WORK INSTRUCTIONS: Copy nothing but the line with "Hey, what's up" and the lines that follow it to the end of the entries below, and keep the pictures out.

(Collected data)
..........

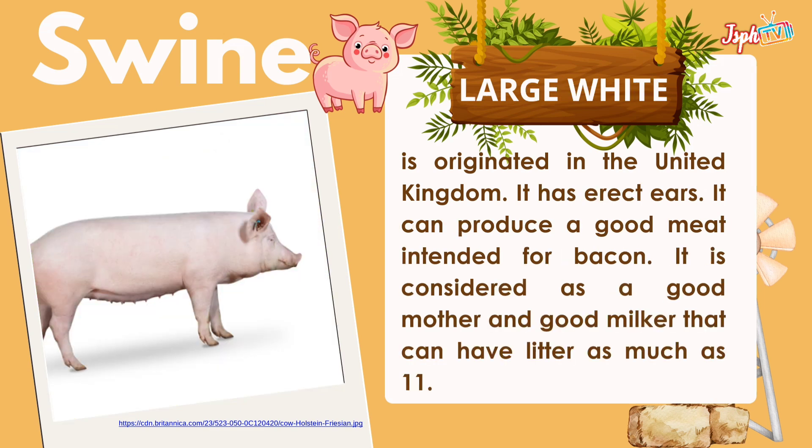Large White originated in the United Kingdom. It has erect ears and can produce good meat intended for bacon. It is considered a good mother and good milker that can have litters as much as 11.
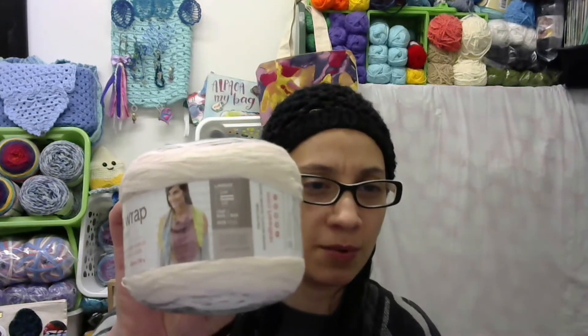The next thing I got is the Red Heart — It's a Wrap Rainbow. It's 55% acrylic, 45% cotton, 623 yards — wow, that's a lot — and it's a number one super fine. That would be gorgeous for a shawl. They actually have a beautiful shawl pattern on here. That is the second thing I got.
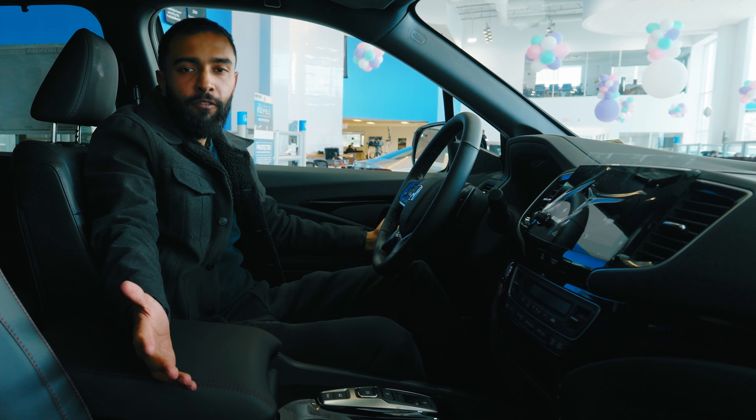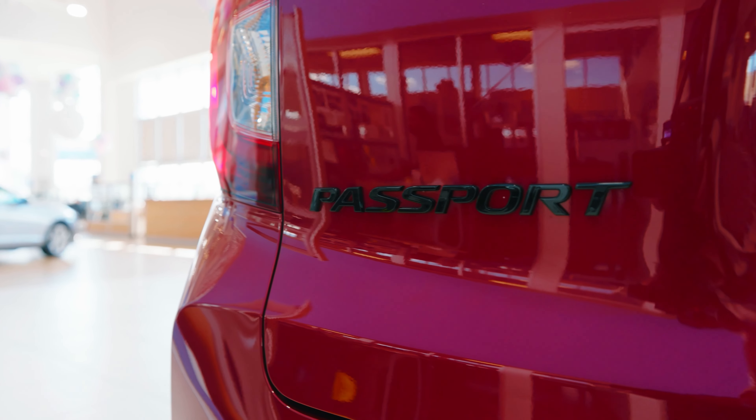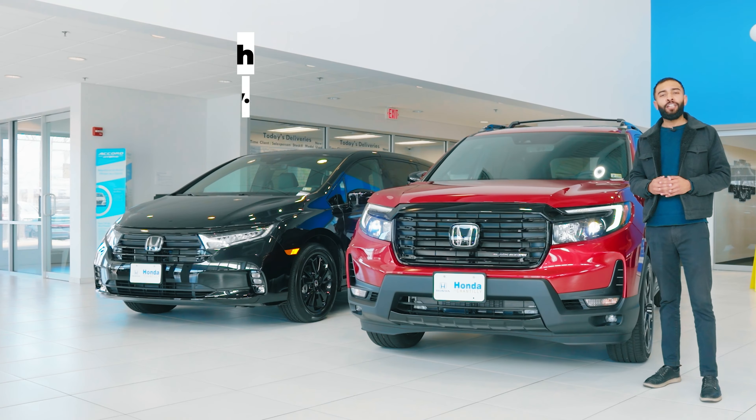Coming towards the rear of the car, we've got ample amount of space. If you look right over here inside, we've got cupholders, power seats on these sides, and then these beautiful black leather seats with red accents.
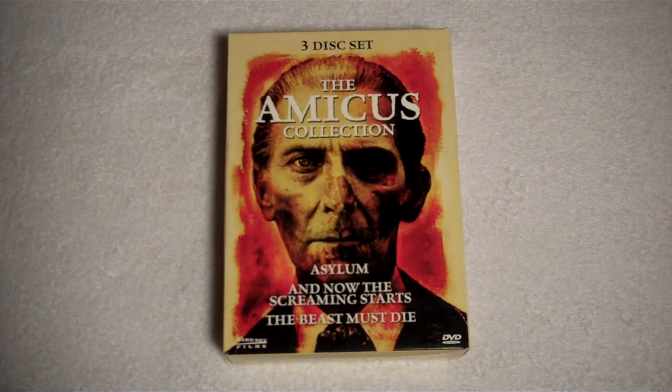Hey, what's up guys? It's your friend Fast Eddie, and today I just have a little unboxing to do for you. This is the Amicus Collection 3-Disc Box Set, and it comes with Asylum, And Now the Screaming Starts, and The Beast Must Die. It is a pretty cool looking little set, especially for the money, guys. It's only like $15 on Amazon.com.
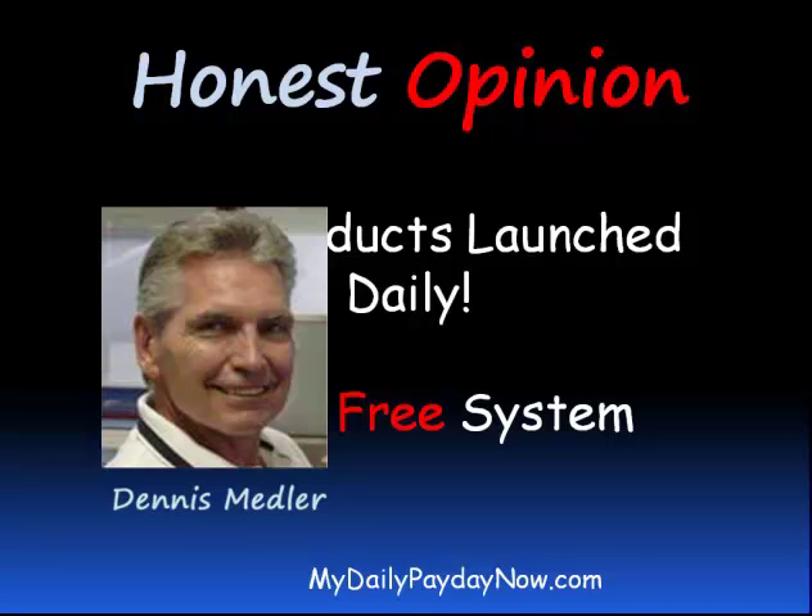Hi, I'm Dennis. Thanks for joining me today. If you're looking for information about making money online, then this is the video for you. In this video, you'll learn three things.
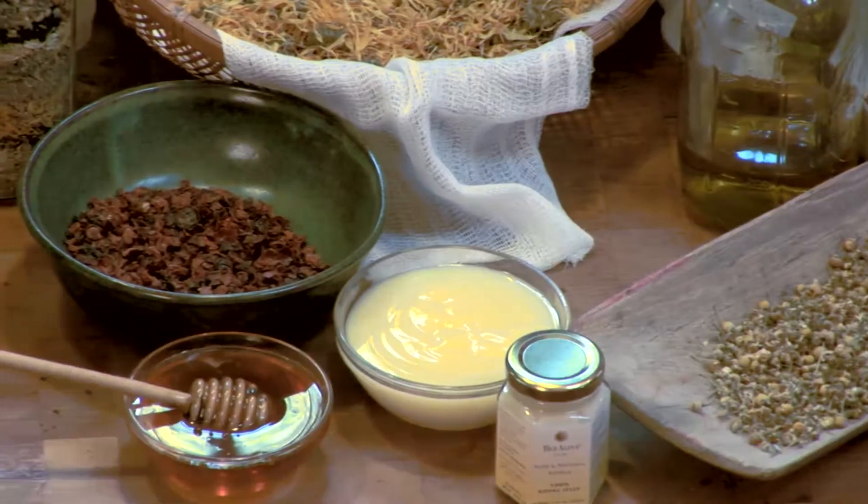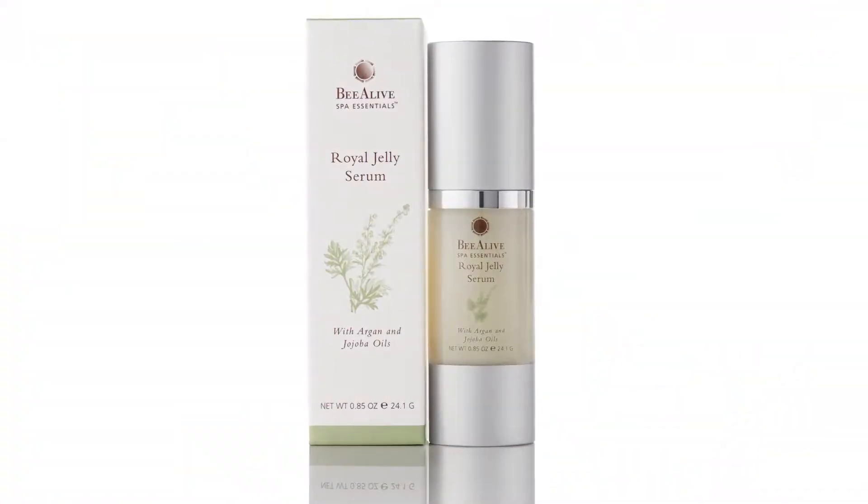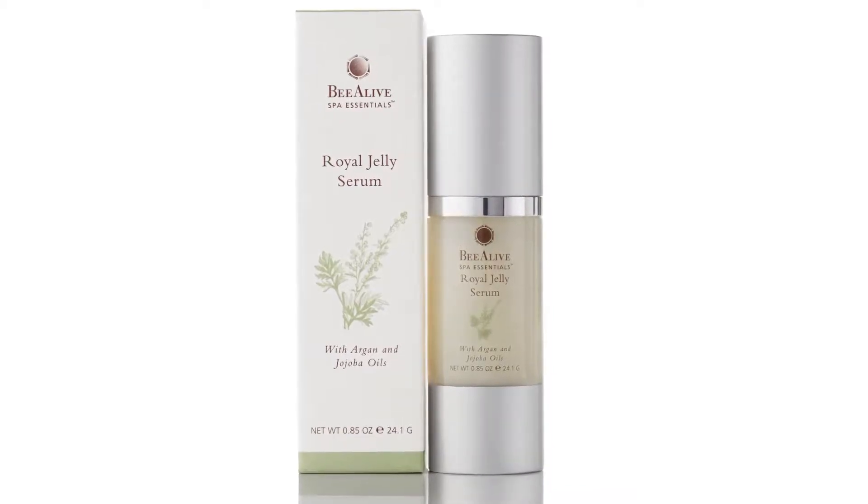What we put in our products is bee products, herbs, and essential oils. My favorite is the royal jelly serum though. It has pure royal jelly mixed with jojoba oil and argan oil, and it is amazing because it helps with the appearance of fine lines and wrinkles.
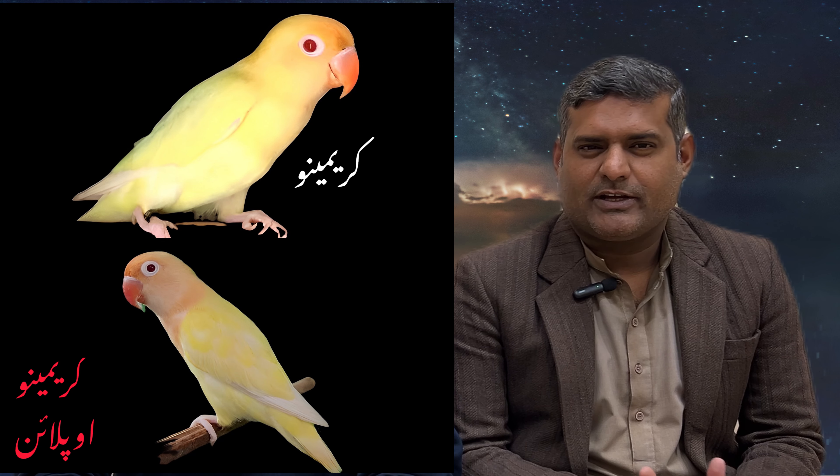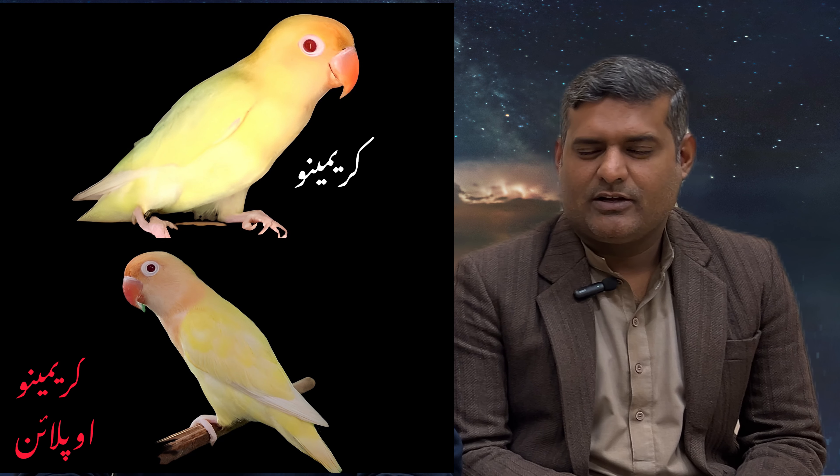We will start with crimino appliance — what is the mutation, its history, and how it works. Crimino: it is a yellow bird with red eyes. It has melanin reduction. When you combine two things — one bird adds and the second is the tail bar — crimino applies. Sometimes you get melanin reduction with red eyes, but the tail bar is always prominent, and that's how you can identify the trend.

..........

SOLUTION TO THIS TASK:
Hey, what's up guys? It's your friend Fast Eddie, and today I just have a little unboxing to do for you. This is the Amicus Collection 3-Disc Box Set, and it comes with Asylum, And Now the Screaming Starts, and The Beast Must Die. It is a pretty cool looking little set, especially for the money, guys. It's only like $15 on Amazon.com.
Hi, I'm Dennis. Thanks for joining me today. If you're looking for information about making money online, then this is the video for you. In this video, you'll learn three things.
What we put in our products is bee products, herbs, and essential oils. My favorite is the royal jelly serum though. It has pure royal jelly mixed with jojoba oil and argan oil, and it is amazing because it helps with the appearance of fine lines and wrinkles.
We will start with crimino appliance — what is the mutation, its history, and how it works. Crimino: it is a yellow bird with red eyes. It has melanin reduction. When you combine two things — one bird adds and the second is the tail bar — crimino applies. Sometimes you get melanin reduction with red eyes, but the tail bar is always prominent, and that's how you can identify the trend.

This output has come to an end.